Pracownicy i pracowniczki banku wpadli w panikę. Jedna z nich, 23-letnia wówczas Kristin Enmark, po latach przyznała, że w głowie miała wtedy tylko jedną myśl: że to się nie dzieje – „że takie rzeczy to tylko w Ameryce” (wywiad dla „The New Yorkera”). Gdy pod budynkiem pojawiła się policja, napastnik wziął zakładników – mężczyznę i trzy kobiety, w tym Enmark.
Szwedzka policja nie miała doświadczenia w takich sytuacjach. Podobne napady nie zdarzały się wcześniej w tym kraju. Wszyscy w banku – włącznie z napastnikiem – mieli nadzieję, że jego żądania zostaną szybko spełnione. Napad przerodził się jednak w sześciodniową mękę, która odmieniła życie wszystkich biorących w niej udział. I dała początek najsłynniejszemu pojęciu z zakresu psychiatrii.

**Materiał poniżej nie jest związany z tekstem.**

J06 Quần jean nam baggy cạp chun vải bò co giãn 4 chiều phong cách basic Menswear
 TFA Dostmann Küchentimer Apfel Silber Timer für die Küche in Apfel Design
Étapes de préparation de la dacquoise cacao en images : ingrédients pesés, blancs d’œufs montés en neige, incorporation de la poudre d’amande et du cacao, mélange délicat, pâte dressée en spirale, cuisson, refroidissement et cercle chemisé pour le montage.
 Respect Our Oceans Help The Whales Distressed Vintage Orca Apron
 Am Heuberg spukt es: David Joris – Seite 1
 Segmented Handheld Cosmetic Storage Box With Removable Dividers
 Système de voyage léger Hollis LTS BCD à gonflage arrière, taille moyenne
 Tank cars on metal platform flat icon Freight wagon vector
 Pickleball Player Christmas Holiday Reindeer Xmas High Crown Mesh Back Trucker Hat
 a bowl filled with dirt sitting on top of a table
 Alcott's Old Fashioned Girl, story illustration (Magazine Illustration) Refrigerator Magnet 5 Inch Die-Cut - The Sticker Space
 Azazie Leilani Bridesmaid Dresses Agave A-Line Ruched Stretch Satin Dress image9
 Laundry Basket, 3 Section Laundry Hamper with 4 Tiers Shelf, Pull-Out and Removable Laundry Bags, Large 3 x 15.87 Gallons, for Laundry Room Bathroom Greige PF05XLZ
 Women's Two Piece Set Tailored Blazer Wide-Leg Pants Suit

„Syndrom sztokholmski” jest prawdopodobnie najczęściej używanym i modnym terminem z zakresu (pop)psychologii obok „socjopaty”, „zaburzeń obsesyjno-kompulsywnych” czy „zespołu stresu pourazowego PTSD”. Stosuje się go dziś w zasadzie do każdej sytuacji, w której osoba poszkodowana odczuwa sympatię wobec sprawcy.
Za autora tego terminu uważa się szwedzkiego psychiatrę Nilsa Bejerota, który pomagał policji podczas napadu na Sveriges Kreditbank, był członkiem zespołu negocjacyjnego.